The game was worse than when we forgot how to sit down.

It’s that time of year again kids. The annual drubbing of Duke.

We know that they beat UVA and are better this year than usual. We know we kind of suck and forgot that they allowed forward passes back in the 30’s. But it’s still Duke. And, well, Duke just kind of sucks.

We know it’s the Saturday before Thanksgiving break and not everyone will be there. The UVA game next week is also a deterrent. But it’s still Duke. And, well, Duke just kind of sucks.

We know it’s our first cold weather game, and we tend to suck in those. Don’t ask us why, but it always seems to go down that way. But it’s still Duke. And, well, Duke just kind of sucks.

We know that the Coach Who Must Not Be Named is still calling the shots on offense, which means we’re pretty much screwed. But it’s still Duke. And, well, Duke just kind of sucks.

We know that the GREATEST COACH TO EVER GRACE THE WORSHMAN FIELD SIDELINES is interviewing for a much deserved job at Clemson, and the defense may be a little distracted. But it’s still Duke. And, well, Duke just kind of sucks.*

*more on this later…

Christ, there are a lot of things going against us….

There is nothing about this game that makes us feel comfortable. We’ve lost to Temple at home before, and another game like that is certainly not out of the question.

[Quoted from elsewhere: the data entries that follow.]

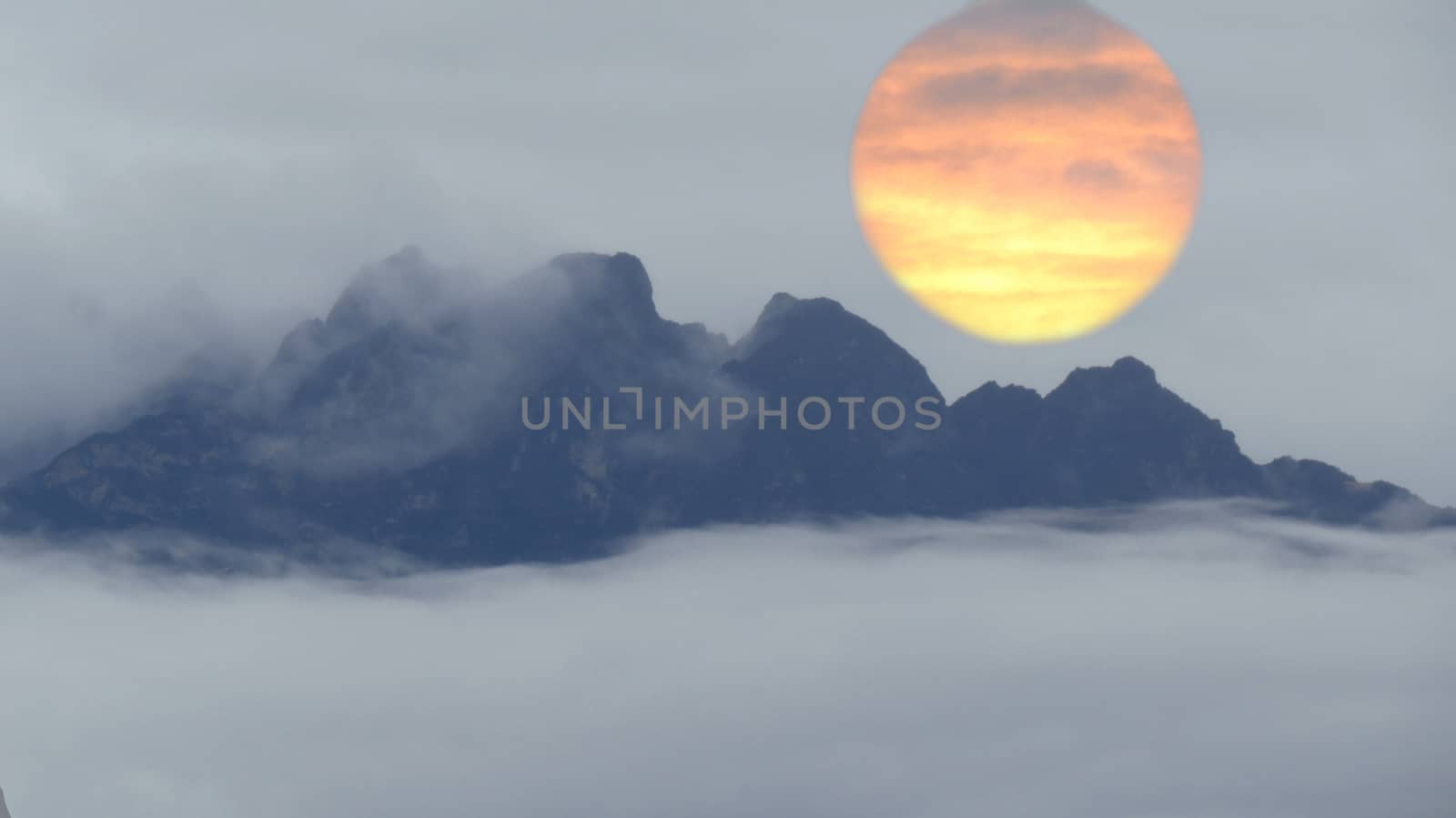 An abstract design for a background of a huge sun setting behind the himalayan mountains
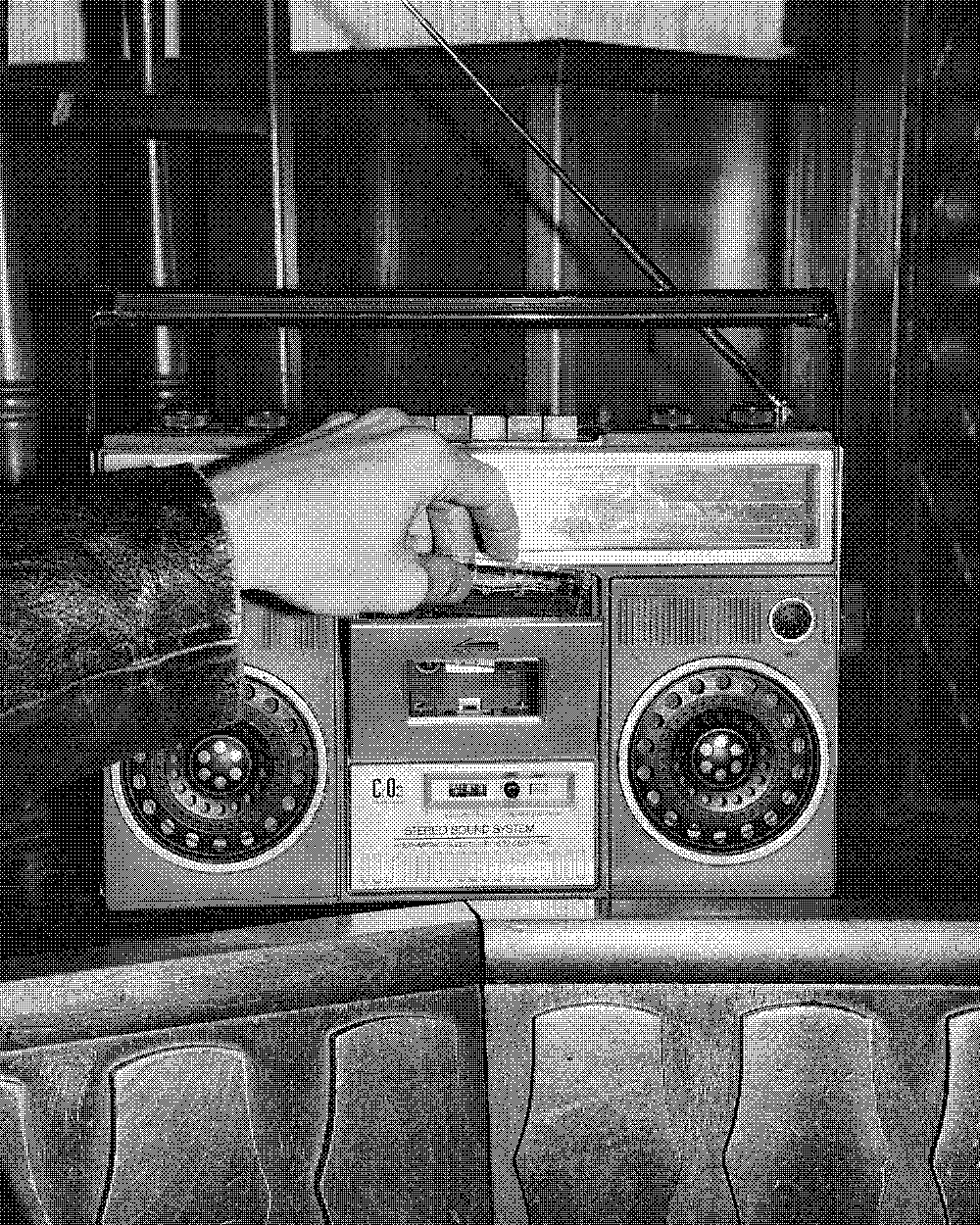 A hand tuning an old radio at the bar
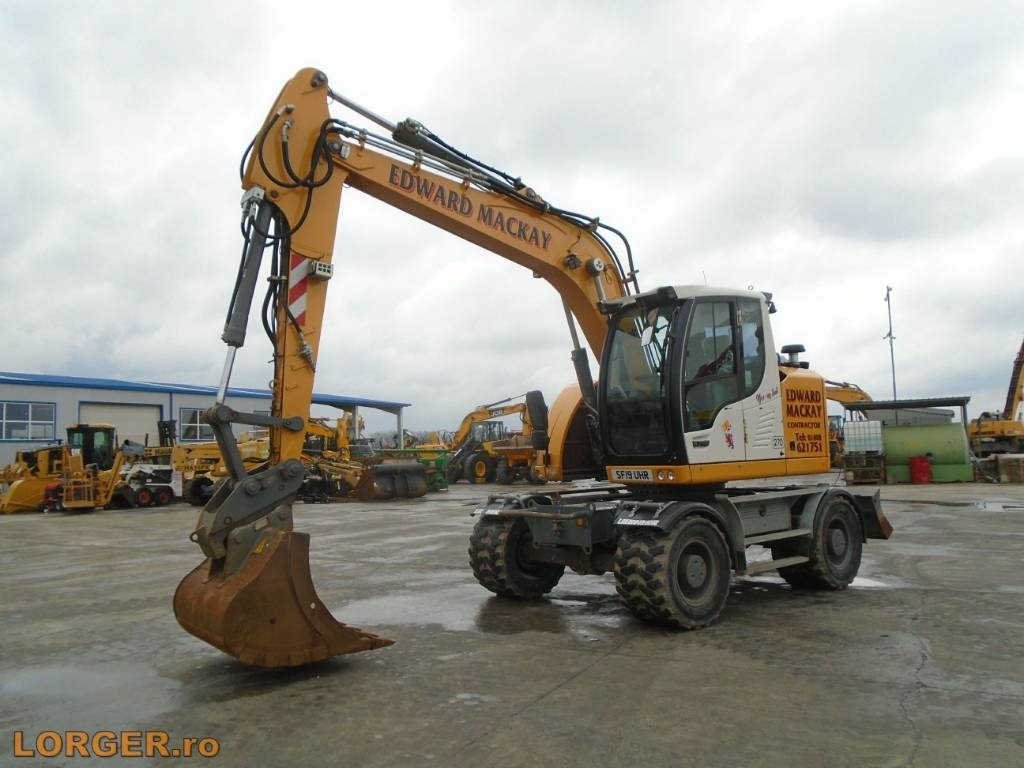Liebherr A 914 - Escavadeira de rodas: foto 1 Liebherr A 914 - Escavadeira de rodas: foto 1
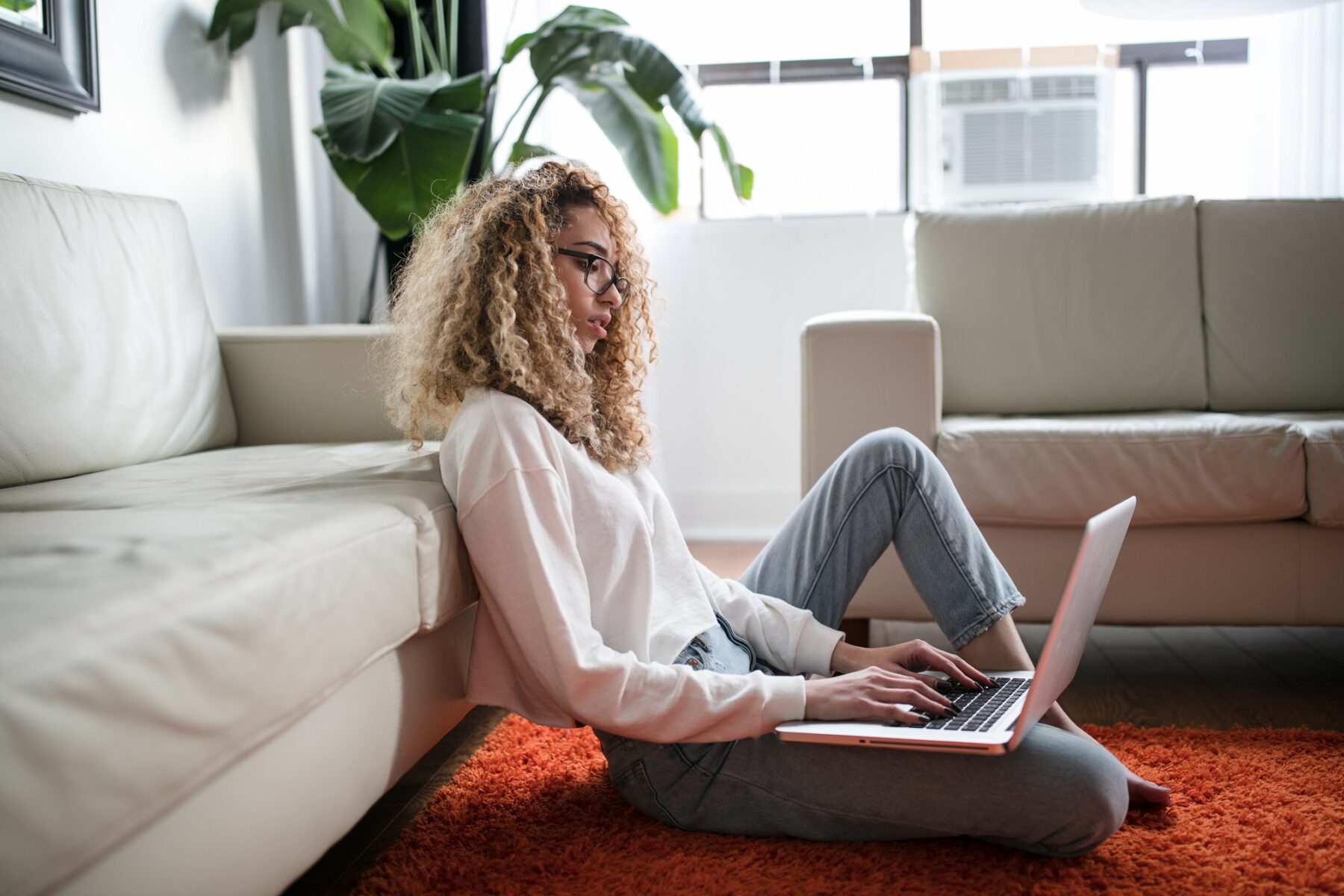 A person with curly hair sits on an orange rug, leaning against a white sofa while using a laptop. They are in a bright living room with large windows, plants, and light-colored furniture.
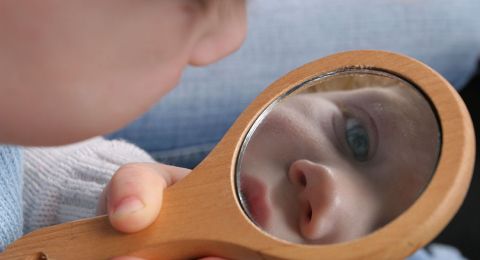 Baby gazing at self in mirror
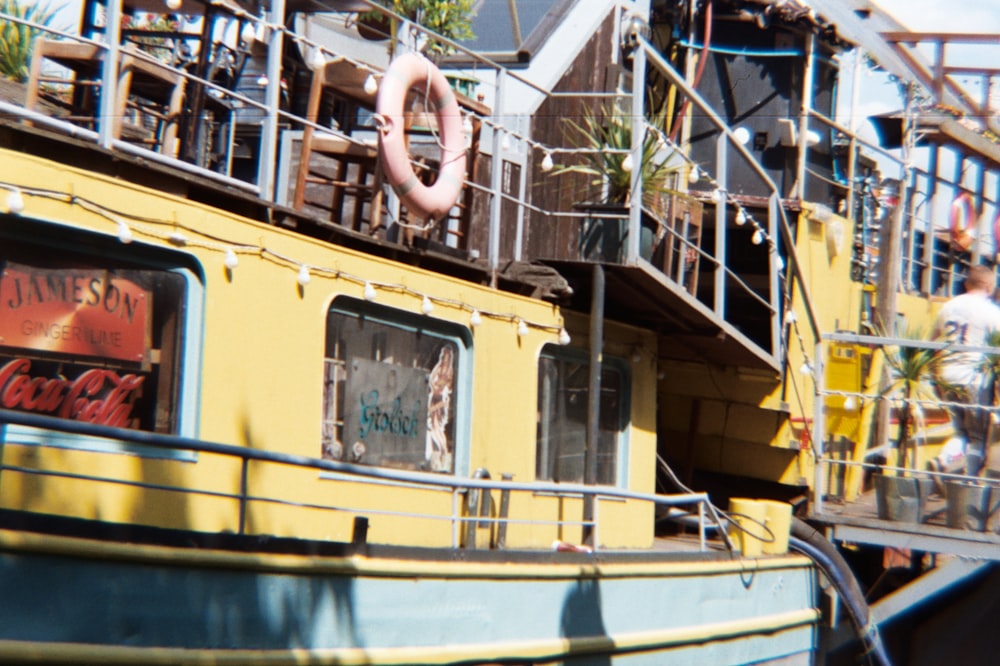 yellow and green boat on water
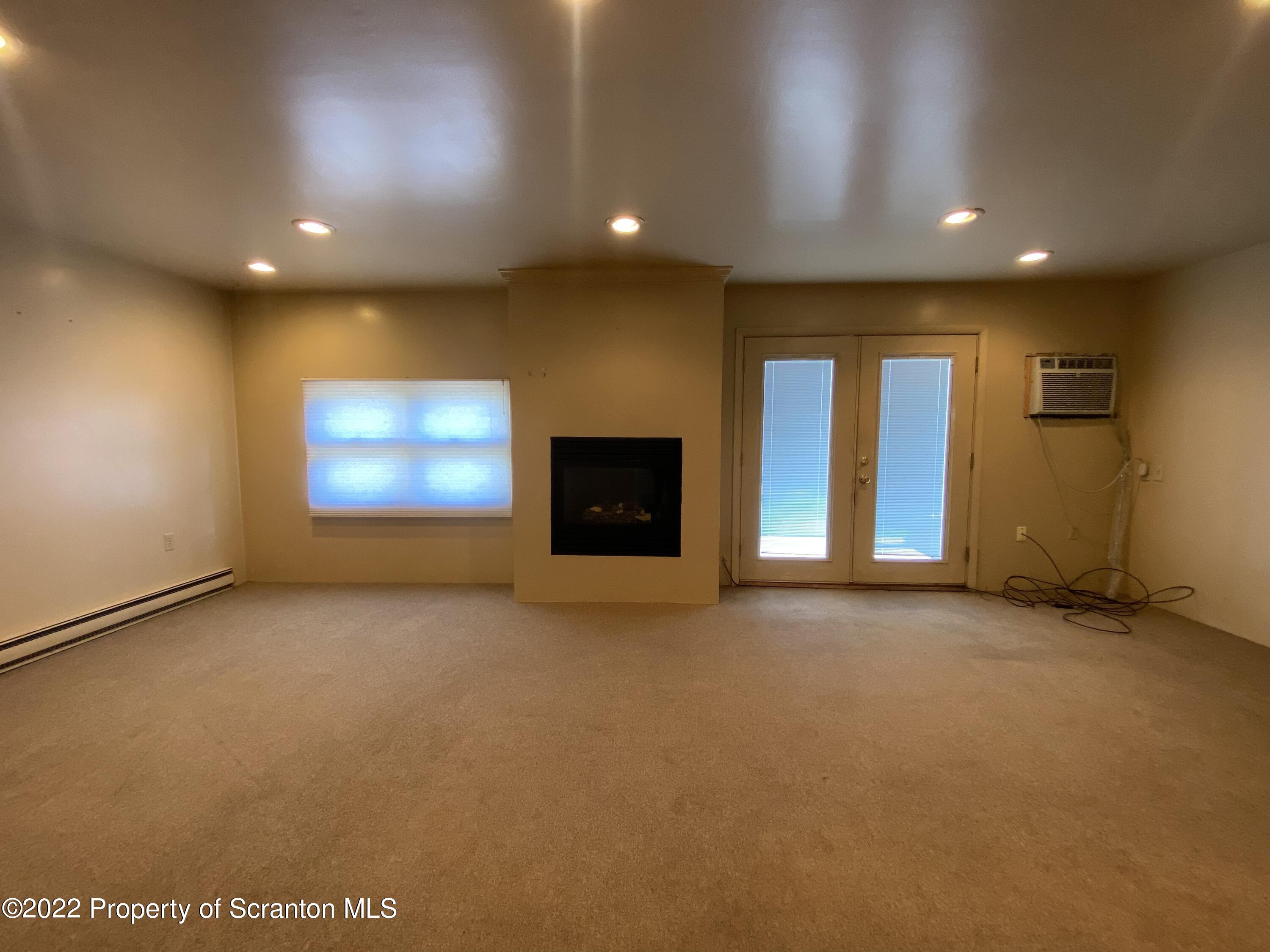 600 Main Street Moosic, PA 18507 - Photo 8 of 19 an empty room with windows and fireplace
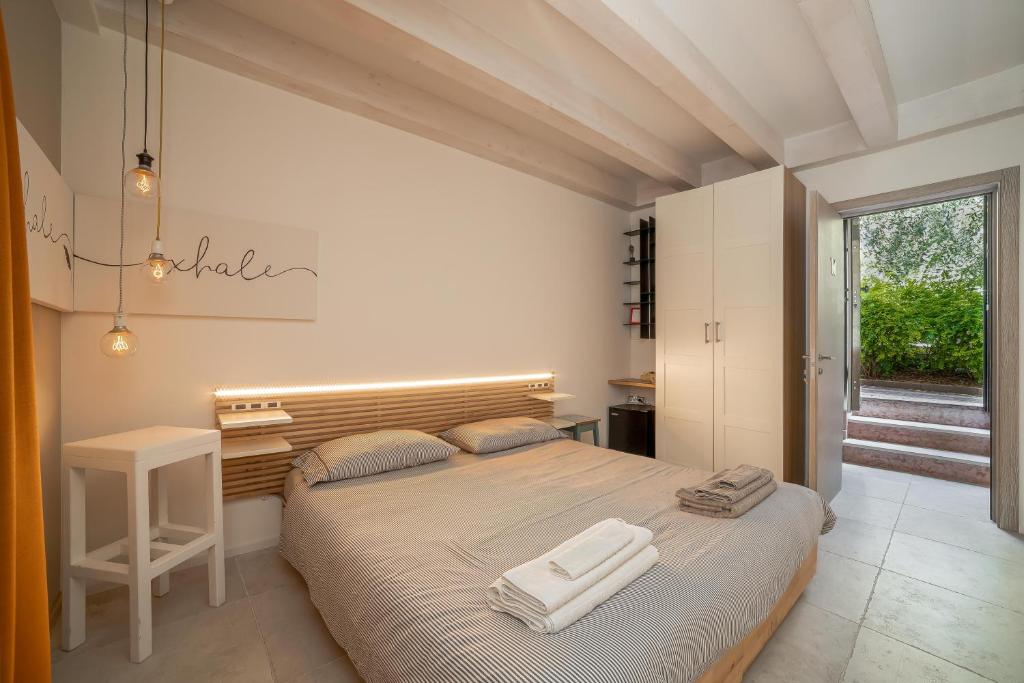 a bedroom with a large bed with two towels on it at Le Scuderie B&B in Arco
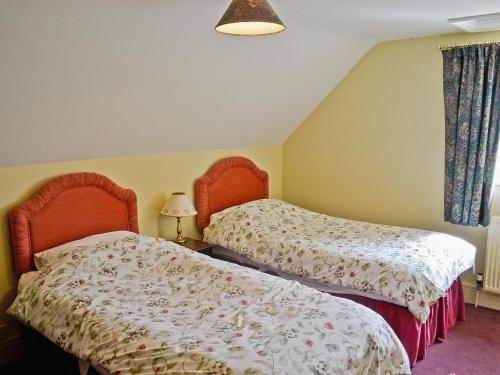 Shipton MoyneにあるWestonbirt Cottageのベッドルーム(ベッド2台、ランプ付)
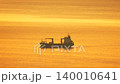 Cargo ship, sunset, ocean Freighter vessel cruises across the calm golden sea during beautiful warm evening light 140010641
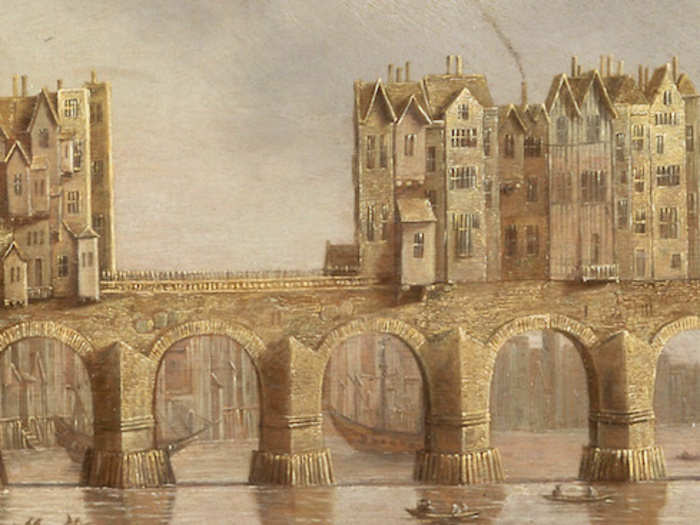 In 1176, King Henry II commissioned a new stone bridge.  Finished in 1284, the original London Bridge would stand for over 600 years. It supported homes and shops — which weighed down its arches over time.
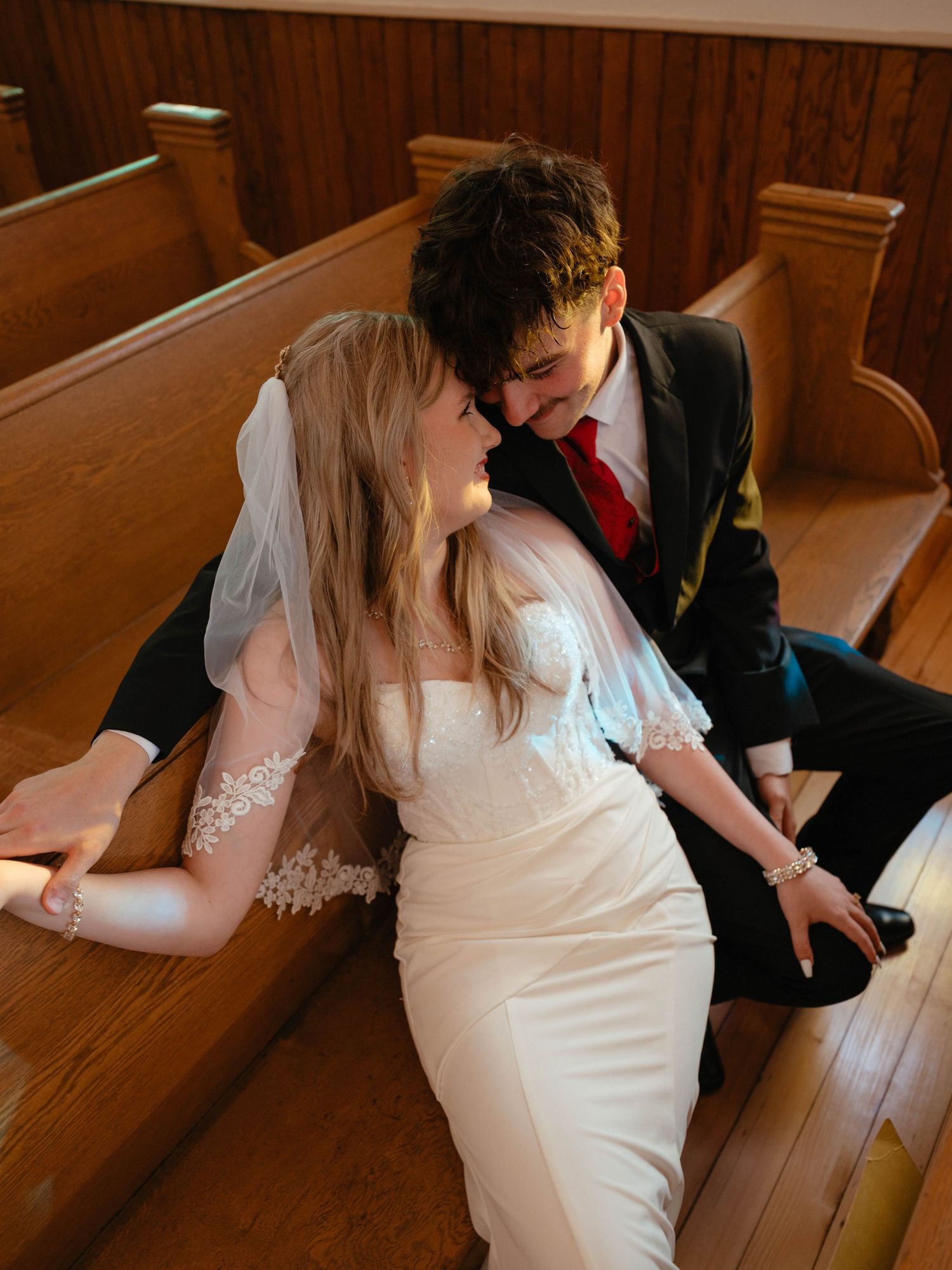 Bride and groom share an intimate moment seated on wooden church pews, bride in white gown with veil, groom in black suit with red tie.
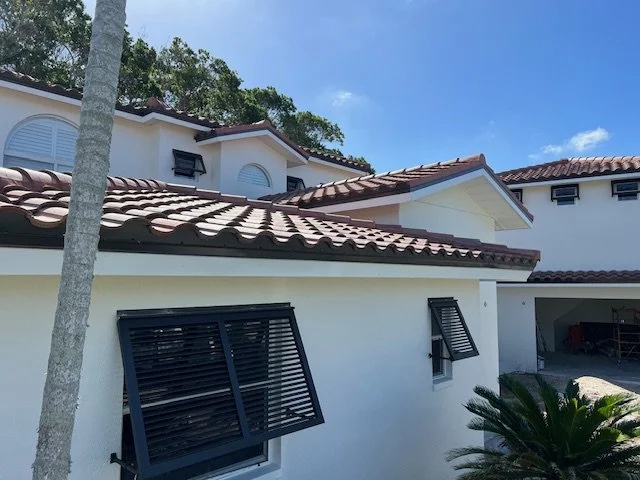 Photo of a white house with red tile roof, black window shutters, and a palm tree in the front yard, under a blue sky.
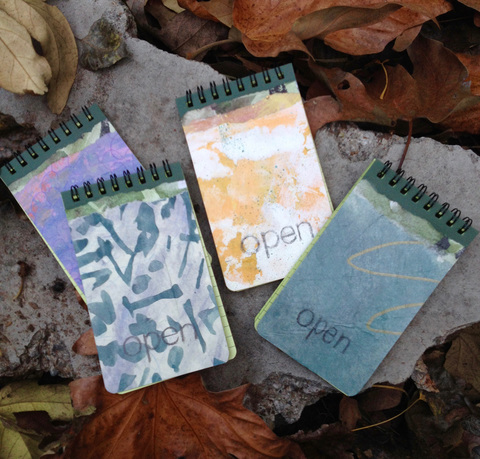 Weatherproof notebooks wore collaged covers Poetry of the Spheres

Duke is quite the conundrum. With wins over Navy, Virginia, and Vanderbilt, and tough losses to Wake Forest in OT and Northwestern, they have a decent resume (compared to prior seasons, anyways). They also rank 3rd in the ACC for passing, which does not bode well for the Hokies. We rank 10th in the conference for passing defense.

That paragraph was the most statistical research we’ve done for any game ever. Now here’s a file photo of Brady Quinn:

There are no words to describe how awesome it is that this picture exists.

We hate to say it, but if there was a year for an upset to happen, it’s this one.

Which is all the more reason to fill the stadium and get as loud as the Maryland game. Just picture J.J. Redick, WoJo, and the other 500 annoying white basketball players that have gone through that school.

Let the hate flow through you.

Once again, we always have a photo for that extra bit of encouragement.

We actually broke a coffee table when this happened.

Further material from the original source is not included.